> _Activity_
Each line that includes "Gebruikt" must be copied from the records.

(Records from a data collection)

- - -

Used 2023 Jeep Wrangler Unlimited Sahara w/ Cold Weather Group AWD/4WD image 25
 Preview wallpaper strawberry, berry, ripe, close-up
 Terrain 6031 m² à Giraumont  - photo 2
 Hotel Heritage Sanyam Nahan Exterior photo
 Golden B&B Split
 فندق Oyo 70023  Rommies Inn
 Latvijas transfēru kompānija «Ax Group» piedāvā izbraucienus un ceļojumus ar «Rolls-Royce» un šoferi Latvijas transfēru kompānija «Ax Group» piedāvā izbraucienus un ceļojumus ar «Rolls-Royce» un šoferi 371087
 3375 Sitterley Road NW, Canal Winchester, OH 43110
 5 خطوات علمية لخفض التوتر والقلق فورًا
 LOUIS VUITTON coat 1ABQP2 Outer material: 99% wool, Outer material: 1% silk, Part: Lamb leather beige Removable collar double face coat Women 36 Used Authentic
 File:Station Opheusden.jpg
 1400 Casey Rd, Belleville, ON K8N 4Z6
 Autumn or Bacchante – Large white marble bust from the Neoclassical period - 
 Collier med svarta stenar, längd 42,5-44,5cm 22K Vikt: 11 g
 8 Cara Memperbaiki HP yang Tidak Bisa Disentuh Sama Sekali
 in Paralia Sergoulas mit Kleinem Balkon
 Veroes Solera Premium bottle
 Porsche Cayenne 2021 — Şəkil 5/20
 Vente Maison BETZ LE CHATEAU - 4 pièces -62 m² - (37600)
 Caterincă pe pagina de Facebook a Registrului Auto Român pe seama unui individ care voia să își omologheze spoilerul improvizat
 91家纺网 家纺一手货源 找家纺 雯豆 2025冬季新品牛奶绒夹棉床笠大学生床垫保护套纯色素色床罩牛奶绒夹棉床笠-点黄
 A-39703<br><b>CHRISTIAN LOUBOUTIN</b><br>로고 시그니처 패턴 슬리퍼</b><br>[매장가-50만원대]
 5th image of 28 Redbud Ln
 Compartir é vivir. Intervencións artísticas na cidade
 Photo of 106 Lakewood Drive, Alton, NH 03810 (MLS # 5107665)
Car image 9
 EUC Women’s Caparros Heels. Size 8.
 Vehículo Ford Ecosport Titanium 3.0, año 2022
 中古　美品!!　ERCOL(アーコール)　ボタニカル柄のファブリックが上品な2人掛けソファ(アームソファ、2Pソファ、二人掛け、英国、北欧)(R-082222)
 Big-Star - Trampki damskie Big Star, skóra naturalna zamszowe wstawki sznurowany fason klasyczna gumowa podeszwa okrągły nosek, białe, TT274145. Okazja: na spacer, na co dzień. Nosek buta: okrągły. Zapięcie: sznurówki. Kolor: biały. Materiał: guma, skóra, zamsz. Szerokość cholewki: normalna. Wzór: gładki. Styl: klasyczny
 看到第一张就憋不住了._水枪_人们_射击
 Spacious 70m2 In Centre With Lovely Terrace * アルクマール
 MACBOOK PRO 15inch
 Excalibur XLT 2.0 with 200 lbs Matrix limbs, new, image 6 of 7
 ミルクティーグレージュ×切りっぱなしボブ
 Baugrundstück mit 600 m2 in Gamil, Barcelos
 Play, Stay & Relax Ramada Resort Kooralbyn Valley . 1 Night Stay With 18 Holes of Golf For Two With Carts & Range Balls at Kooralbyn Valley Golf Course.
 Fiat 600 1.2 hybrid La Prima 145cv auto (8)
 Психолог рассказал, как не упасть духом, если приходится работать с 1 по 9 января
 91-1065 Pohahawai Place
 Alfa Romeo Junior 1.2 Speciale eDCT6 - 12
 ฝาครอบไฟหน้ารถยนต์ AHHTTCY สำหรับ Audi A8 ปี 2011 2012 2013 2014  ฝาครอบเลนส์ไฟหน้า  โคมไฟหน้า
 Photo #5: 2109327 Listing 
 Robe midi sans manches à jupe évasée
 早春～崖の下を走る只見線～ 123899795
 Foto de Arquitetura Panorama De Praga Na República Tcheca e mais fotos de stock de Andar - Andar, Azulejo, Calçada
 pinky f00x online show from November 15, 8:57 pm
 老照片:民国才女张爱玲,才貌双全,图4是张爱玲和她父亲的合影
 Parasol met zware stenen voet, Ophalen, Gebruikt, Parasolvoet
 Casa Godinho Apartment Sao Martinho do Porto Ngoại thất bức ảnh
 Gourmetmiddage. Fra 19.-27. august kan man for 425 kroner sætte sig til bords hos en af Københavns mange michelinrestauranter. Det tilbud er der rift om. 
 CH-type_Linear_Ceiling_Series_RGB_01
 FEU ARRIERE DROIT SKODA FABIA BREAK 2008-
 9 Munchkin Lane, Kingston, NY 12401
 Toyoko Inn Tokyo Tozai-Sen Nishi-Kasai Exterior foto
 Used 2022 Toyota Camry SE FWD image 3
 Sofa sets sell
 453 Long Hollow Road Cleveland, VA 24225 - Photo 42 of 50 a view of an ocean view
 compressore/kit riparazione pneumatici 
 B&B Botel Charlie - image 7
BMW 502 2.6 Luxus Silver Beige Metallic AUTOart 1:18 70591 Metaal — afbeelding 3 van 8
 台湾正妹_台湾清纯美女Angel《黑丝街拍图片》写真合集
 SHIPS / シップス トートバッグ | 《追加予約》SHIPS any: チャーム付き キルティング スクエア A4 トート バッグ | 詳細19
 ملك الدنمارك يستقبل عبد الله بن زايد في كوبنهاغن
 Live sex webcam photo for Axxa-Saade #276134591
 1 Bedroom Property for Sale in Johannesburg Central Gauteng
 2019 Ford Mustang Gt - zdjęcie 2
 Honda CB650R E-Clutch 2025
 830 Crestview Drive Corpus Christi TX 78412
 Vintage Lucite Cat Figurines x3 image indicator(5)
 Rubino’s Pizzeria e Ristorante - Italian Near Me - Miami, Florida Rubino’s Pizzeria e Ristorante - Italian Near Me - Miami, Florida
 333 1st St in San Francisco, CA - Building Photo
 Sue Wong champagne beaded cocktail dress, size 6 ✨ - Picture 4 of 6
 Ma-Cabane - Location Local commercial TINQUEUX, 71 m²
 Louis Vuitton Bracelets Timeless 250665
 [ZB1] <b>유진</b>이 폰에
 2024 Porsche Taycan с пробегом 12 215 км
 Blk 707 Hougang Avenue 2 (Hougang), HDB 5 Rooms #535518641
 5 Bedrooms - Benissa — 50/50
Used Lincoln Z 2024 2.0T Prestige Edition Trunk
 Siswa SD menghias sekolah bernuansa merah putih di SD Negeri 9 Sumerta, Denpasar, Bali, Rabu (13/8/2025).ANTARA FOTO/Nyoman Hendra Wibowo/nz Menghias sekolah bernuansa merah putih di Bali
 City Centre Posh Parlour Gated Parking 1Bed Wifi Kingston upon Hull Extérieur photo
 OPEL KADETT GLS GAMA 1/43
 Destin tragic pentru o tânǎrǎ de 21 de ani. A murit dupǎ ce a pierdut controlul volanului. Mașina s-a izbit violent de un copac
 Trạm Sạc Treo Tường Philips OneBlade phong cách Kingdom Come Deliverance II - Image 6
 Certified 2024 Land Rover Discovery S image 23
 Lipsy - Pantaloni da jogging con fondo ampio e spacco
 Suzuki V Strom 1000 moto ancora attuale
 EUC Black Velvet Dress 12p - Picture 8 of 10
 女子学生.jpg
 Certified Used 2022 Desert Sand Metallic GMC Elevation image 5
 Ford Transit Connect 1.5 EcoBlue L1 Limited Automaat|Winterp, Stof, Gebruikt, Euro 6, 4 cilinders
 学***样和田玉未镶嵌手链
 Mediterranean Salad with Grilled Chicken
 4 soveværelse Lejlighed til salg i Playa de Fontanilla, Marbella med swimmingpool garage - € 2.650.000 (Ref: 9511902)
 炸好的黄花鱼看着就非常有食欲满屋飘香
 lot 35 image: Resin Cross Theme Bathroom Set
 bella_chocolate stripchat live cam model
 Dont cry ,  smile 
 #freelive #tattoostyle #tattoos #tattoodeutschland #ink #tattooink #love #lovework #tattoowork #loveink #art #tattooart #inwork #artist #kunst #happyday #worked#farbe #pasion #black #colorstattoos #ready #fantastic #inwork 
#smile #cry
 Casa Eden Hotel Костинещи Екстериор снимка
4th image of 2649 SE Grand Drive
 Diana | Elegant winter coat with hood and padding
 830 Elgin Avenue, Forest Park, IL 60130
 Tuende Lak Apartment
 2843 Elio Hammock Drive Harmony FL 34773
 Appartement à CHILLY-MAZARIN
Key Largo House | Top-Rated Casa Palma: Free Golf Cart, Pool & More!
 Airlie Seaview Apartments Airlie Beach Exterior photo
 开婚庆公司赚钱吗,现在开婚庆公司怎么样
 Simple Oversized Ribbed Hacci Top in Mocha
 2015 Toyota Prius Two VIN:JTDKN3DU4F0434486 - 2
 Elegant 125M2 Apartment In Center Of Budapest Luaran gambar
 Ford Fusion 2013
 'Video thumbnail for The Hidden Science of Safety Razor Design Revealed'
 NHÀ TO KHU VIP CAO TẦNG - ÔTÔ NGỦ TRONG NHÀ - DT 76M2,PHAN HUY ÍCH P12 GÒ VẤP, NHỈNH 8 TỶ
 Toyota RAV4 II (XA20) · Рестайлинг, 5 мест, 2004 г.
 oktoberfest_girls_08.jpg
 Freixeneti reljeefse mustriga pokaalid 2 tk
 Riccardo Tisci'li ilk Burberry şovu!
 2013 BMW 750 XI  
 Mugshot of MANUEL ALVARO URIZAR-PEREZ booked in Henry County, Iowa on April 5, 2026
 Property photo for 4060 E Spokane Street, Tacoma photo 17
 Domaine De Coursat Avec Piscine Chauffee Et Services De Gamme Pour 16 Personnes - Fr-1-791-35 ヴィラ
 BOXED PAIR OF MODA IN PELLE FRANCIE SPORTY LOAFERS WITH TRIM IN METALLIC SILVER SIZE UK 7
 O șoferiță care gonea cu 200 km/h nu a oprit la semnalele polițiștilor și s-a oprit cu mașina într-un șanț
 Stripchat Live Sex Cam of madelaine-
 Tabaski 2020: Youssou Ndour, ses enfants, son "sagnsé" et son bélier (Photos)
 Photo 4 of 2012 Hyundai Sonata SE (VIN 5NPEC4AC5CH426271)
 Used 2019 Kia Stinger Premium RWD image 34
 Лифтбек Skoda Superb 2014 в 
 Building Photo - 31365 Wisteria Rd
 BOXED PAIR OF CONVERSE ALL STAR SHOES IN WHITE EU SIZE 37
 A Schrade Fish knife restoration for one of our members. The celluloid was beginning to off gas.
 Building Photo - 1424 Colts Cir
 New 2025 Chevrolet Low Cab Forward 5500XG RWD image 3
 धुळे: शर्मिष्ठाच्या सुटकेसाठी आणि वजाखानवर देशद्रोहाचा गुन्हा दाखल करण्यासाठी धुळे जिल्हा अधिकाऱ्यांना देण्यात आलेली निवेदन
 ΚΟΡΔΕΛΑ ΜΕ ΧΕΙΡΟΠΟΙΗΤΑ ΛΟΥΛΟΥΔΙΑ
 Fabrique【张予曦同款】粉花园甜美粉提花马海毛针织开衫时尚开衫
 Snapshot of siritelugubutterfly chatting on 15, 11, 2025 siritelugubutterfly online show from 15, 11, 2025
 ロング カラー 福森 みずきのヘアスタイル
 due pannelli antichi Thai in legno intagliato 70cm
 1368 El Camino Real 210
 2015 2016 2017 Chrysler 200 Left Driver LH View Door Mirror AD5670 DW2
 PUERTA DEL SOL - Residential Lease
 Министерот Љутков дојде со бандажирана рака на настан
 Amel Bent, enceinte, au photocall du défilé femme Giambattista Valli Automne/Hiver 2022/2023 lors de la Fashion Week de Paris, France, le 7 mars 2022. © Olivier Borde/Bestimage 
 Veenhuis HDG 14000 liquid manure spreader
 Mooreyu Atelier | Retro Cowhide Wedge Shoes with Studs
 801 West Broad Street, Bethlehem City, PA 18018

- - -

> _Task solution_
 Parasol met zware stenen voet, Ophalen, Gebruikt, Parasolvoet
 Ford Transit Connect 1.5 EcoBlue L1 Limited Automaat|Winterp, Stof, Gebruikt, Euro 6, 4 cilinders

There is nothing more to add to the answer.